Could you write out exactly, and only, the lines from the one containing "CUSTOM FIT PLAID" through the last line of the data, leaving out all pictures?
DATA IN THIS EXERCISE Start Marker
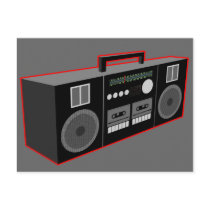 1980s Boombox Postcard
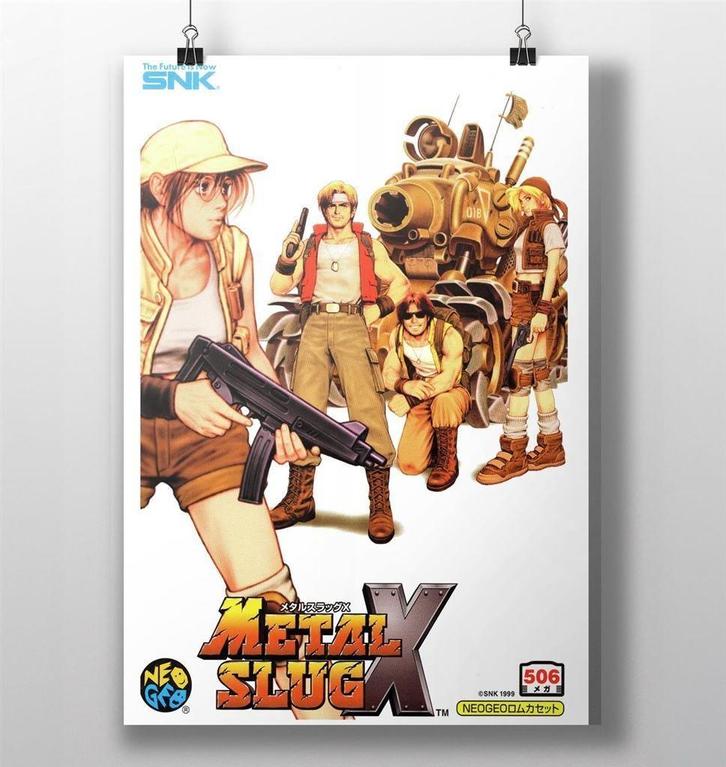 METAL SLUG X SNK NEO GEO Poster, Verzamelen, Posters, Nieuw, Film en Tv, A1 t/m A3, Ophalen of Verzenden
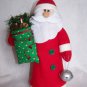 New Country Santa Christmas Tree Toppper Decoration Bag of Rustic Goodies Bell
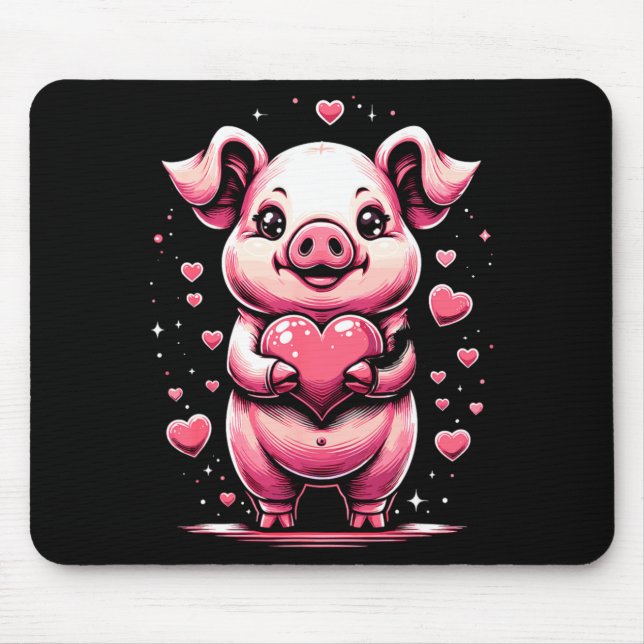 G Holding Heart Valentines Day Cute Valentine 1  Mouse Pad (Front)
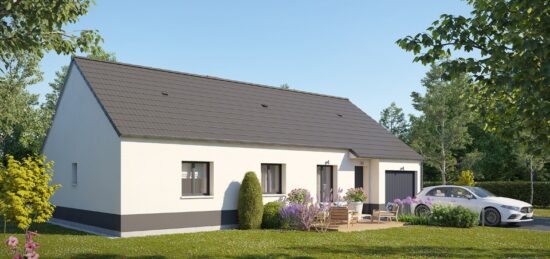 Maison neuve à Angerville-la-Martel, Normandie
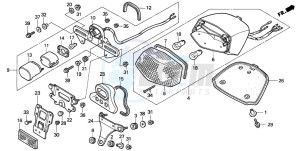 VT1100C2 drawing TAILLIGHT (VT1100C2-CM/2CM)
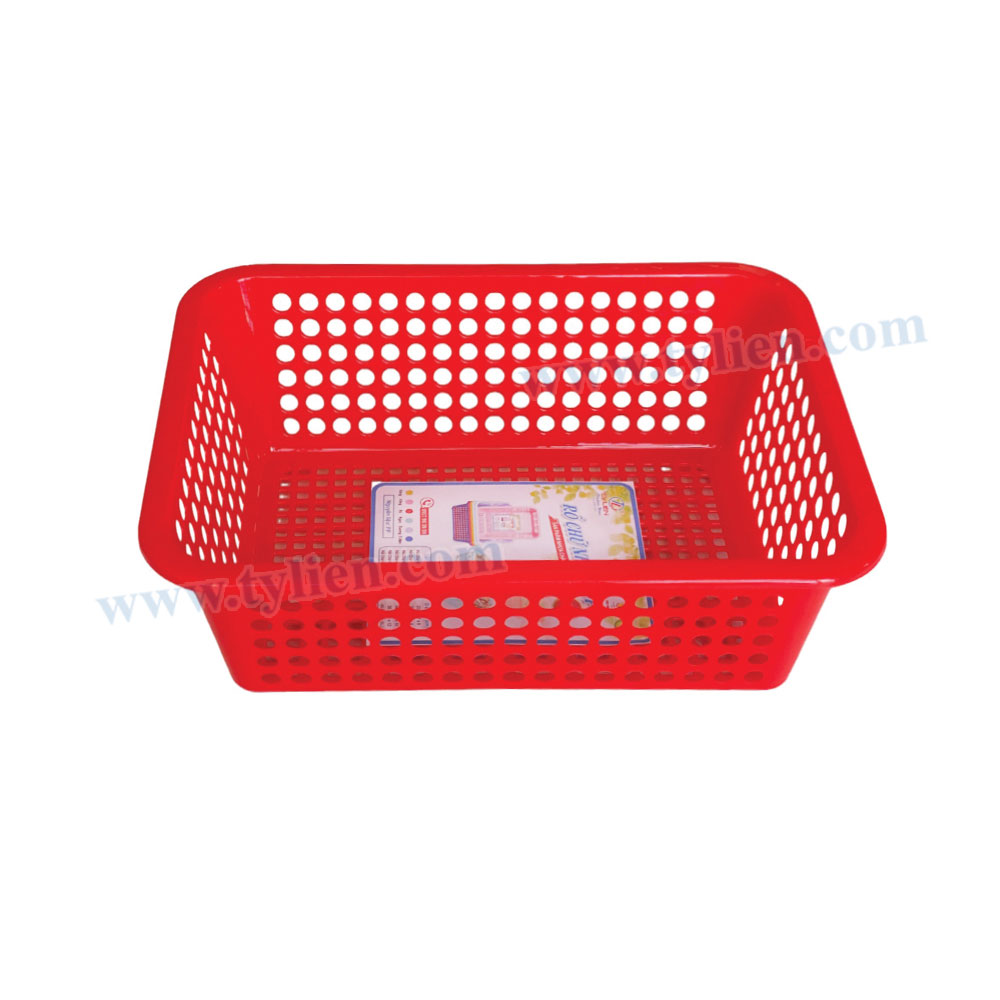 Rổ Chữ Nhật Top 3T6 nhựa Tý Liên No.0936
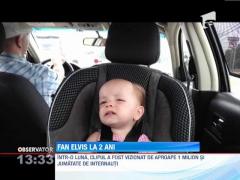 O fetita din Marea Britanie, cel mai tanar si cel mai talentat fan al lui Elvis Presley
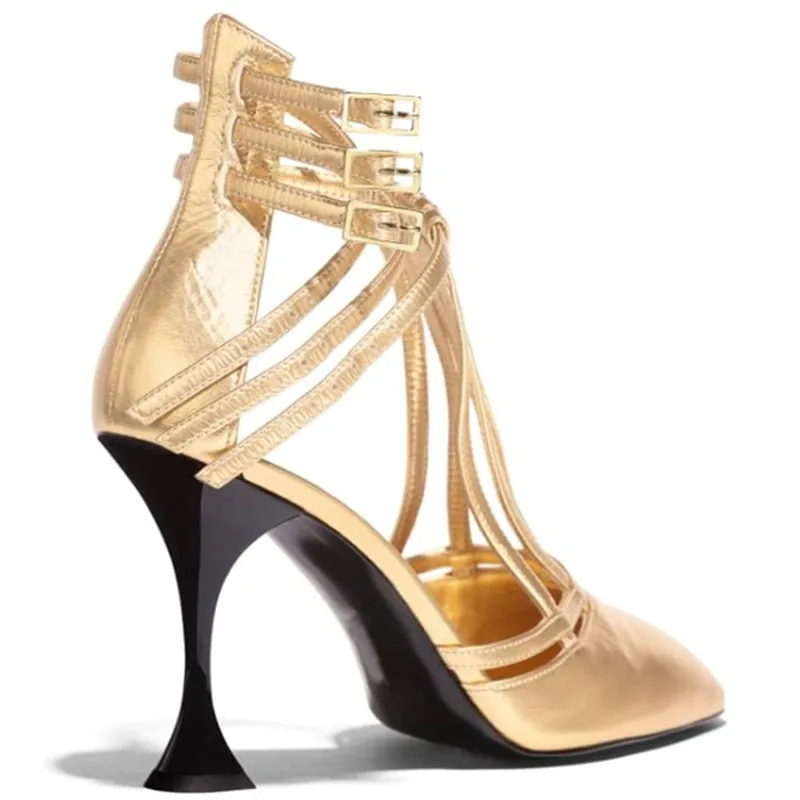 2019 летние женские сандалии гладиаторы с Т образным ремешком кожаные туфли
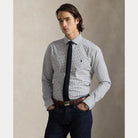 CUSTOM FIT PLAID STRETCH POPLIN SHIRT - BoUvy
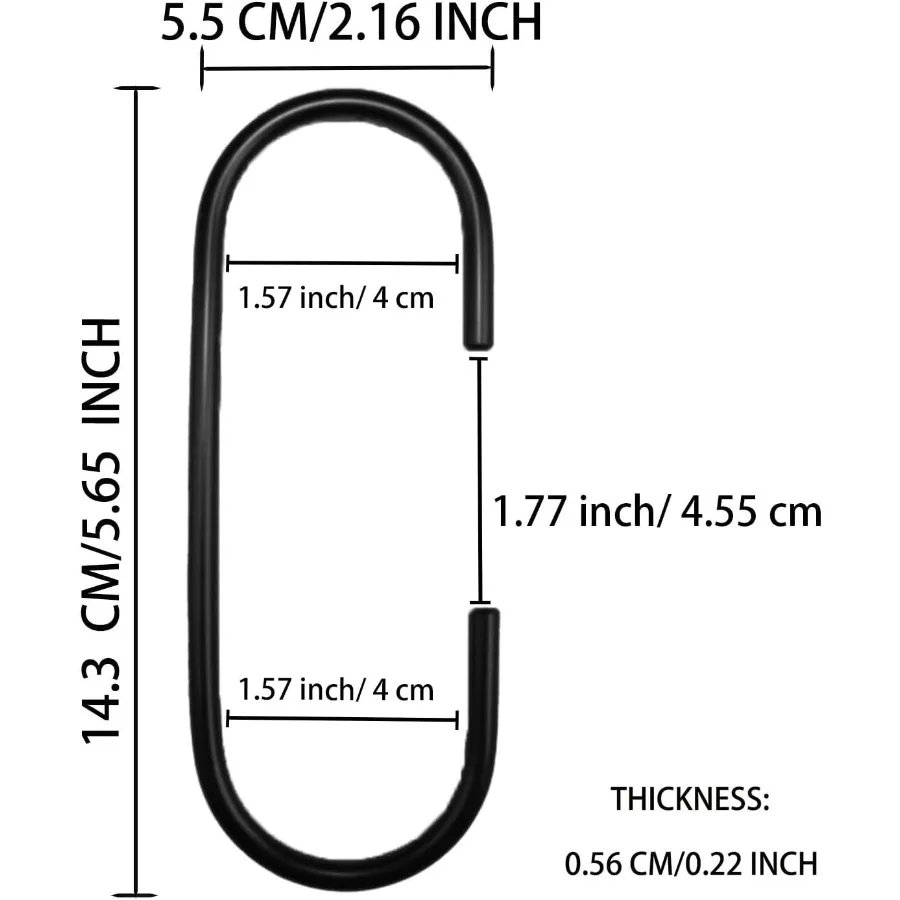 سبائك الألومنيوم C شكل السنانير 6 قطعة السنانير الثقيلة Multifutiol الأسود خزانة الملحقات لتعليق الملابس المناشف حقيبة الأحذية Sc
DATA IN THIS EXERCISE End Marker
ANSWER TO THIS PROBLEM:
 CUSTOM FIT PLAID STRETCH POPLIN SHIRT - BoUvy
 سبائك الألومنيوم C شكل السنانير 6 قطعة السنانير الثقيلة Multifutiol الأسود خزانة الملحقات لتعليق الملابس المناشف حقيبة الأحذية Sc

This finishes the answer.